- The FDA recently announced approval for a drug combination that helps treat a specific form of prostate cancer.
- Experts say that the increased use of specific treatments related to a person’s genetics is an important development.
- The drug combo helped reduce risk of death or disease progression by 34%
The US Food and Drug Administration (FDA) announced in May that
That diagnosis of BRCA-mutated metastatic castration-resistant prostate cancer, is one where the tumor or tumors are growing even after a patient’s testosterone levels have been drastically reduced. It is impacted by a genetic mutation that changes its growth.
Castration, in this context, means reducing a patient’s level of testosterone via methods like surgery or medication, known as androgen deprivation therapy (ADT).
Merck collaborated with AstraZeneca on the project.
A study from Merck published in 2022 found that the drug combo reduced risk of death or disease progression of 34% and an average progression free survival period of more than two years.
In addition to olaparib, the two other medications to be used in this particular approved combination are prednisone and abiraterone.
They are already known to be beneficial in treating prostate cancer.
Dr. David Shusterman of New York Urology says that this approval is proof that the slow going nature of cancer research is continuing to provide specific treatments based on genetic testing.
“The genetics research is now starting to bear fruit. And it takes a long time to bear fruit because this medicine was first developed many years ago and just took a long time to go through the testing process…that really foreshadows additional treatments based on genetic mutations that may have yet to be identified, and may be identified soon.”
Alexandre Chan, PharmD, MPH, professor of clinical pharmacy at the School of Pharmacy & Pharmaceutical Sciences at University of California, Irvine is similarly excited about the prospect of this combination of medications being better understood and implemented.
“I think that’s good news for patients, in the sense that there are additional therapies that we can use at first line and [they] have demonstrated that if you have the proper mutations, you get much better progression free and also overall survival.”
Recent research has highlighted that the average prognosis for someone who is undergoing treatment with this particular diagnosis is around three years.
Shusterman says that it’s important to understand that treatments like the one offered by this FDA approval are more focused on quality of life and disease progression than they are about curing the condition.
“The problem is that once we deprive people of that androgen, prostate cancer, in almost all scenarios after about two years, develops a loop that can overcome the low T [testosterone].”

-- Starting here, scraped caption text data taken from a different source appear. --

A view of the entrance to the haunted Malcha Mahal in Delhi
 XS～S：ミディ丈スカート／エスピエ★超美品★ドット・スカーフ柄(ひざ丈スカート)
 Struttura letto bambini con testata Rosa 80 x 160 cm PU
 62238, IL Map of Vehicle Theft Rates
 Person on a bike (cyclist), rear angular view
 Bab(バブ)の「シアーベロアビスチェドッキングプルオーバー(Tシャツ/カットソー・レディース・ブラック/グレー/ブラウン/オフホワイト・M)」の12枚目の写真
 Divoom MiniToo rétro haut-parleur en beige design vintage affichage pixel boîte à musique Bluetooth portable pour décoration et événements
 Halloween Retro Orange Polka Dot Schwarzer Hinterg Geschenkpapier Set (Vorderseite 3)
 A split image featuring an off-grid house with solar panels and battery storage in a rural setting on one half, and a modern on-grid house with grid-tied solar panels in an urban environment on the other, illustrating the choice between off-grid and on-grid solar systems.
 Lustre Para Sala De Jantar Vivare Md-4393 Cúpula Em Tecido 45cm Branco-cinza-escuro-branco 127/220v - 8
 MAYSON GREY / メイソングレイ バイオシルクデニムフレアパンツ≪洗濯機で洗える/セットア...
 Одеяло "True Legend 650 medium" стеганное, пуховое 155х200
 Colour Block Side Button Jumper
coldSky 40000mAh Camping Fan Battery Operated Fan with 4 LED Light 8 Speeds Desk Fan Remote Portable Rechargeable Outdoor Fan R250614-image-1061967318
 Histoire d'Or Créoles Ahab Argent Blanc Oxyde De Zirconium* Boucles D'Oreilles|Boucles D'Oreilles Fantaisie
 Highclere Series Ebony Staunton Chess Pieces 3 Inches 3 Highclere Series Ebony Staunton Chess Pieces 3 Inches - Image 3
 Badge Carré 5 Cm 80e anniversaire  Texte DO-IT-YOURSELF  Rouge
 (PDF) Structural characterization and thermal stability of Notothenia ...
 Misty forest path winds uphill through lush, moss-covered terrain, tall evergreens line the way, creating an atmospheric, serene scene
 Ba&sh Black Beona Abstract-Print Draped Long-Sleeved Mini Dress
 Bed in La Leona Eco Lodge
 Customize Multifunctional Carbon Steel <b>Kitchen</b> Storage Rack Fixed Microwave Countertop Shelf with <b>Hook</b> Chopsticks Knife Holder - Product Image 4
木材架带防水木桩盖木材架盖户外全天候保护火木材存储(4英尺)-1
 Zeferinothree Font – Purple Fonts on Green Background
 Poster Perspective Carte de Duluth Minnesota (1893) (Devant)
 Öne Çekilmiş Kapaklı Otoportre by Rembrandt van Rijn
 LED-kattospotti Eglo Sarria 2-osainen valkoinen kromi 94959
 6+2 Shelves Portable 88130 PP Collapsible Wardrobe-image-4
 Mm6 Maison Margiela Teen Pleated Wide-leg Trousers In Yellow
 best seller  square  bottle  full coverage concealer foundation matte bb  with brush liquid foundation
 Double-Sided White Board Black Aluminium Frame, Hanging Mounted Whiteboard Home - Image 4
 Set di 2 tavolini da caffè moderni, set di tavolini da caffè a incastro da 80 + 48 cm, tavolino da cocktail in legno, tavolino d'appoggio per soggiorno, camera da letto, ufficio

According to Shusterman, the goal in these sorts of scenarios is to prolong a person’s life so that it isn’t the cancer that ultimately leads to their death.
“What we’re looking for with this new medicine is to extend people’s life with additional treatments based on the genetics of cancer cells. It’s a very cool field, where we’re using genetics of cancer to improve patients’ quantity of life with medication.”
In the study that triggered the FDA’s latest approval, patients did still have to manage side effects with 48% of participants reporting having anemia. Other common side effects included diarrhea, fatigue, and nausea.
Still, Chan says that the relative tolerability of this combination of drugs is a good sign for both patients and practitioners looking to see if it could be a good treatment option.
“Certainly this side effect profile is better than chemotherapy. Because if we’re giving chemotherapy to these patients of course it’s likely they’ll get even more toxicities and more side effects.”
With approvals like this one from the FDA, the natural question is: what next? How can treatments and research focused on genetic mutations continue to develop?
For Shusterman, ongoing cancer research that looks specifically at genetic mutations is important because it allows for treatments that are more specific to the patient.
“Ideally, we’ll be able to identify cancer cells and their genetics quicker and target the therapy much quicker, Hopefully, with a lot less set effects than what we have currently available.”
In Chan’s case, both as a practitioner and an educator, his hope is that research looking into genetics and their connections to treatment can allow for earlier interventions, especially if patients with a BRCA mutation are identified sooner.
“I think what they’re doing right now is completely understandable, and it makes sense, and is great for those patients because it’s a huge unmet need at this point in time. But I would be very curious, how that would actually help us, along the way, for earlier patients who have earlier diseases.”